In the entries below, locate the line with "LAGUA GEM（ラグアジェム）の「LOOSEY PRINT", then give again that line and all lines after it, exactly, with pictures omitted.
□ □ □ □ □ □ □
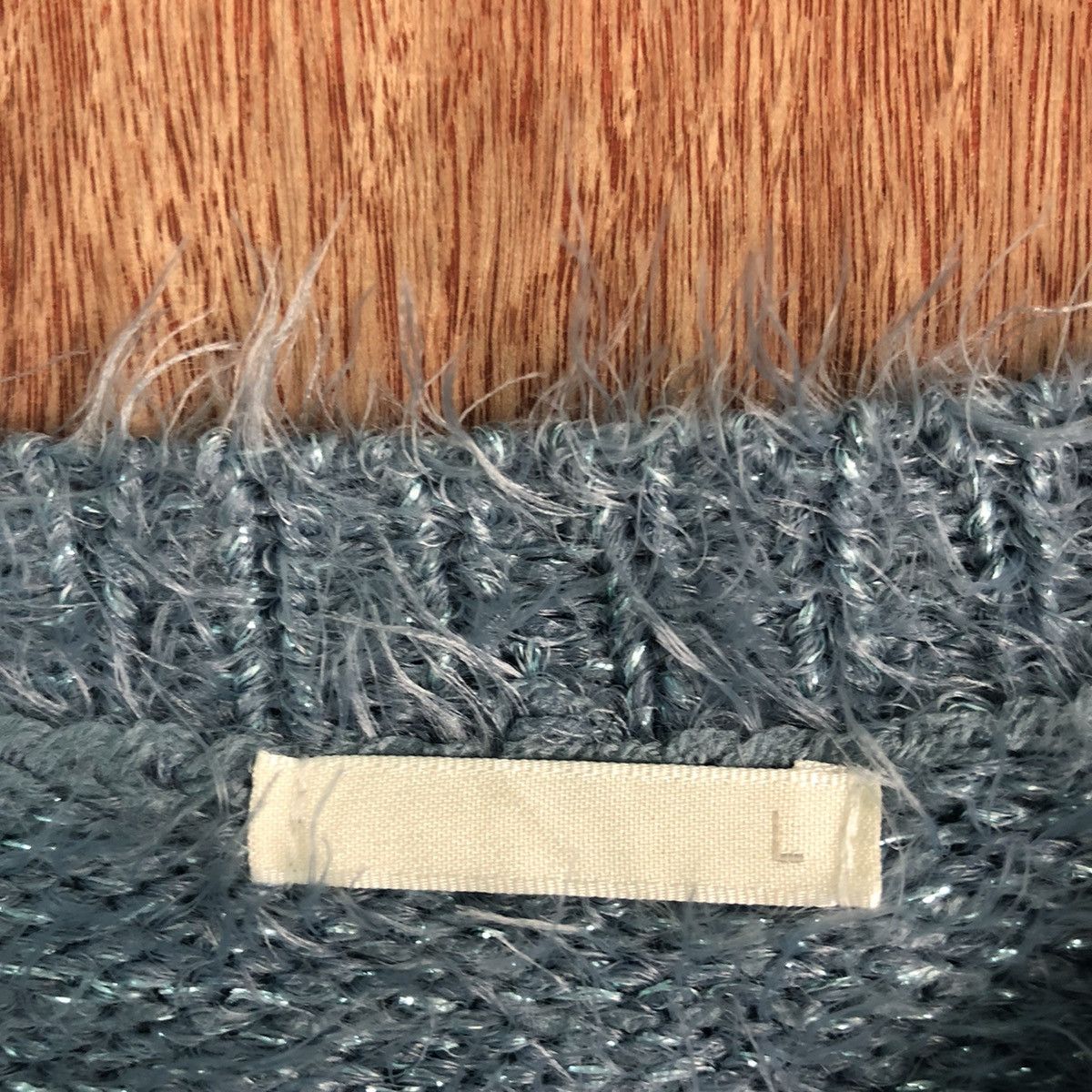 Aran Isles Knitwear GU JAPAN BLUE MOHAIR SHAGY SHAGGY KNITWEAR Size US L / EU 52-54 / 3 - 8 Thumbnail
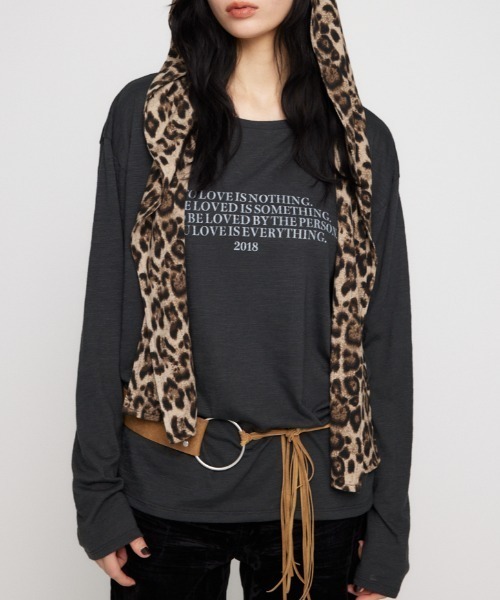 LAGUA GEM（ラグアジェム）の「LOOSEY PRINT LONG SLEEVE Tシャツ（Tシャツ/カットソー・レディース・ベージュ/アイボリー/ブラック・FREE）」の3枚目の写真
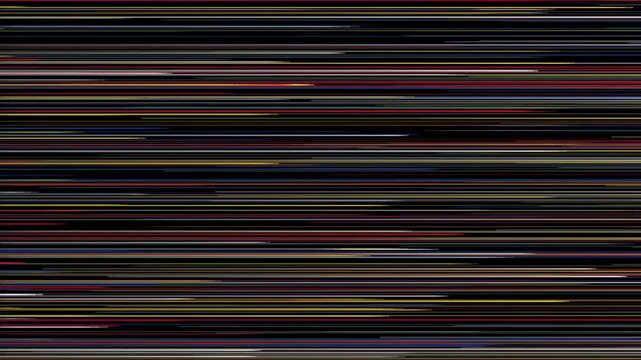 Glitch digital video footage featuring abstract horizontal speed lines with colorful light rays across a dark background for futuristic motion graphics and cinematic broadcast display effects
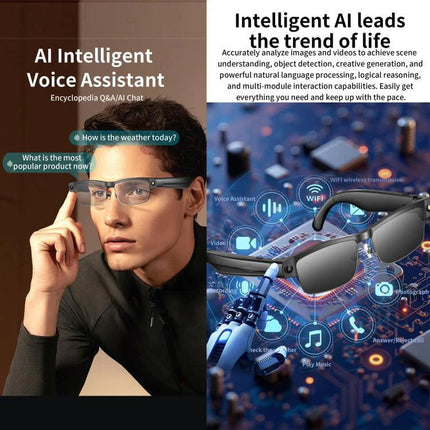 Versatile Smart Glasses for Daily Memories and Outings with 8MP anti-shake camera, AI voice assistant and hands-free photo/video capture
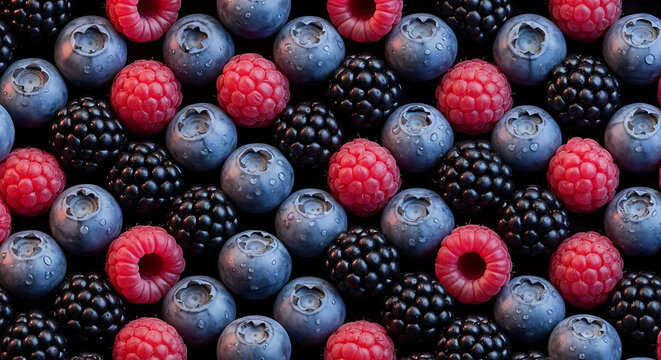 Seamless pattern of fresh ripe berries including raspberries, blueberries, and blackberries with water droplets, healthy food background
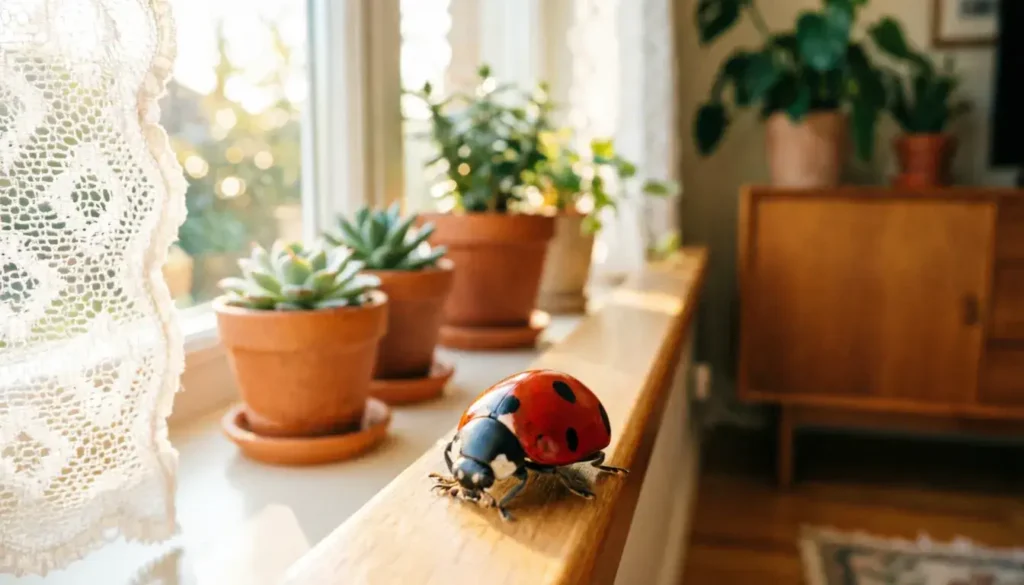 Ladybug inside home on window symbolizing domestic blessings and good fortune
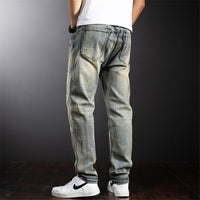 Dragon Embroidered Jeans Men Streetwear Denim Pants Fashion Ripped Jeans Pants Plus Size 38 40 Trousers Male Bottoms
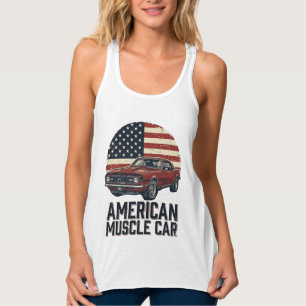 American Muscle Car Vintage Flag Shirt Design_1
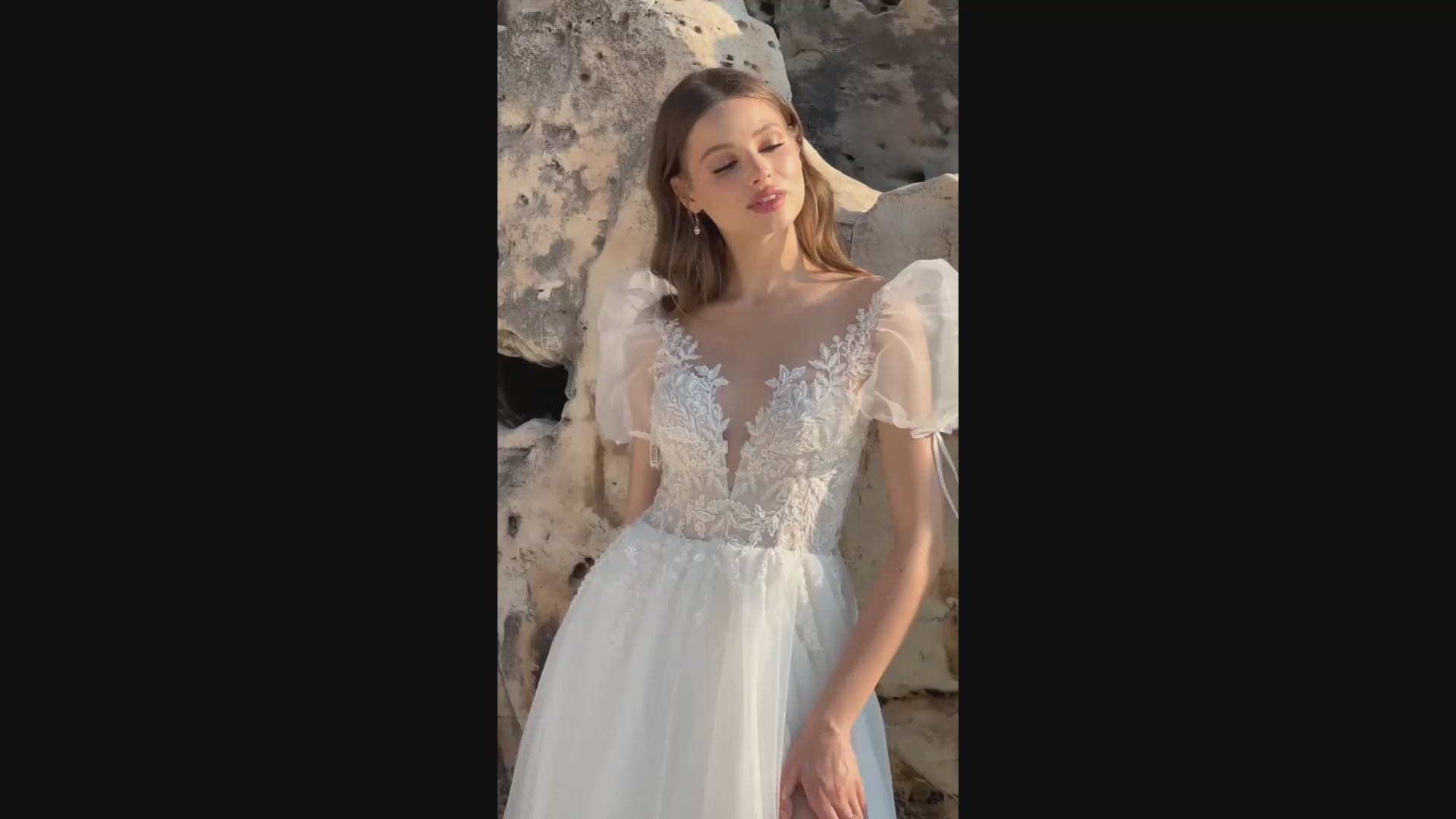 Caroline A-line Illusion Ivory Wedding dress video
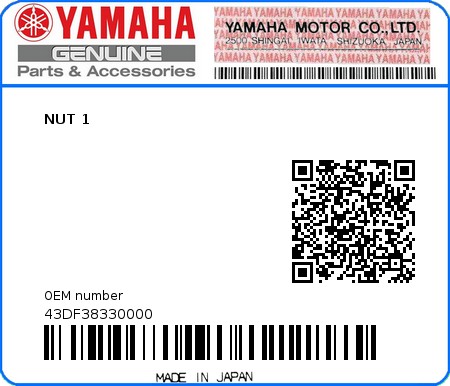 Product image: Yamaha - 43DF38330000 - NUT 1  0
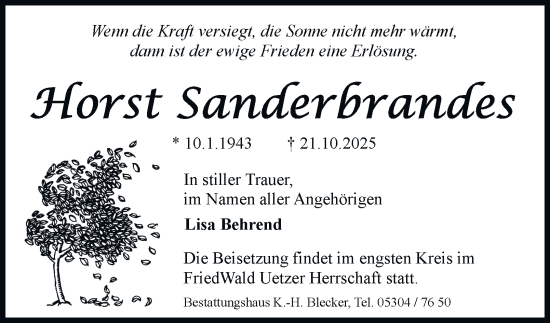 Traueranzeige von Horst Sanderbrandes von Braunschweiger Zeitung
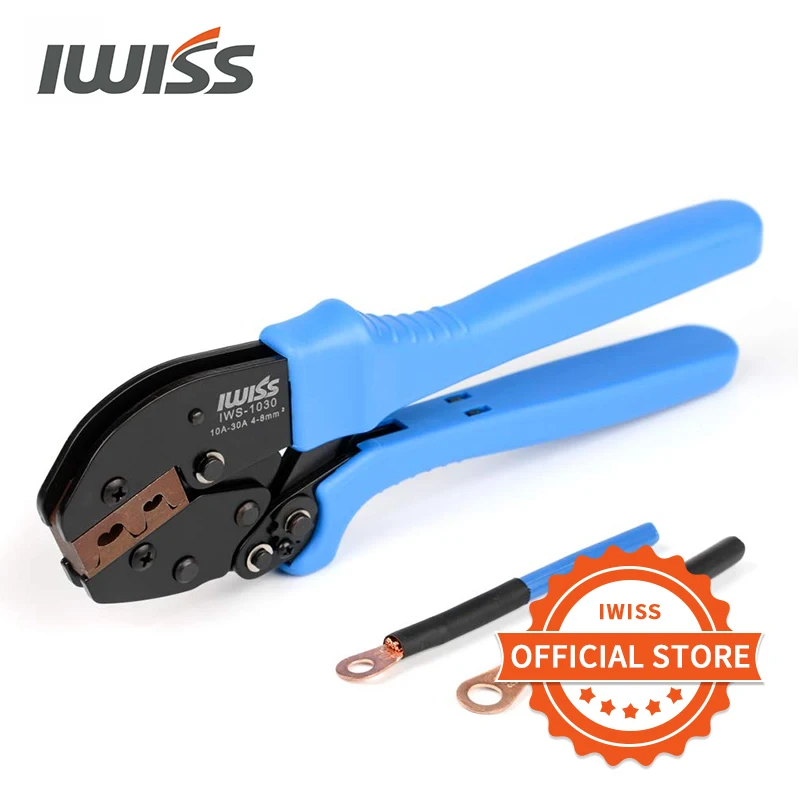 

IWISS IWS-1030 Crimping tools for OT opening terminal pliers capacity AWG 11-8 Open Barrel Connectors Crimping pliers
□ □ □ □ □ □ □
(Answer section)
 LAGUA GEM（ラグアジェム）の「LOOSEY PRINT LONG SLEEVE Tシャツ（Tシャツ/カットソー・レディース・ベージュ/アイボリー/ブラック・FREE）」の3枚目の写真
 Glitch digital video footage featuring abstract horizontal speed lines with colorful light rays across a dark background for futuristic motion graphics and cinematic broadcast display effects
 Versatile Smart Glasses for Daily Memories and Outings with 8MP anti-shake camera, AI voice assistant and hands-free photo/video capture
 Seamless pattern of fresh ripe berries including raspberries, blueberries, and blackberries with water droplets, healthy food background
 Ladybug inside home on window symbolizing domestic blessings and good fortune
 Dragon Embroidered Jeans Men Streetwear Denim Pants Fashion Ripped Jeans Pants Plus Size 38 40 Trousers Male Bottoms
 American Muscle Car Vintage Flag Shirt Design_1
 Caroline A-line Illusion Ivory Wedding dress video
 Product image: Yamaha - 43DF38330000 - NUT 1  0
 Traueranzeige von Horst Sanderbrandes von Braunschweiger Zeitung

IWISS IWS-1030 Crimping tools for OT opening terminal pliers capacity AWG 11-8 Open Barrel Connectors Crimping pliers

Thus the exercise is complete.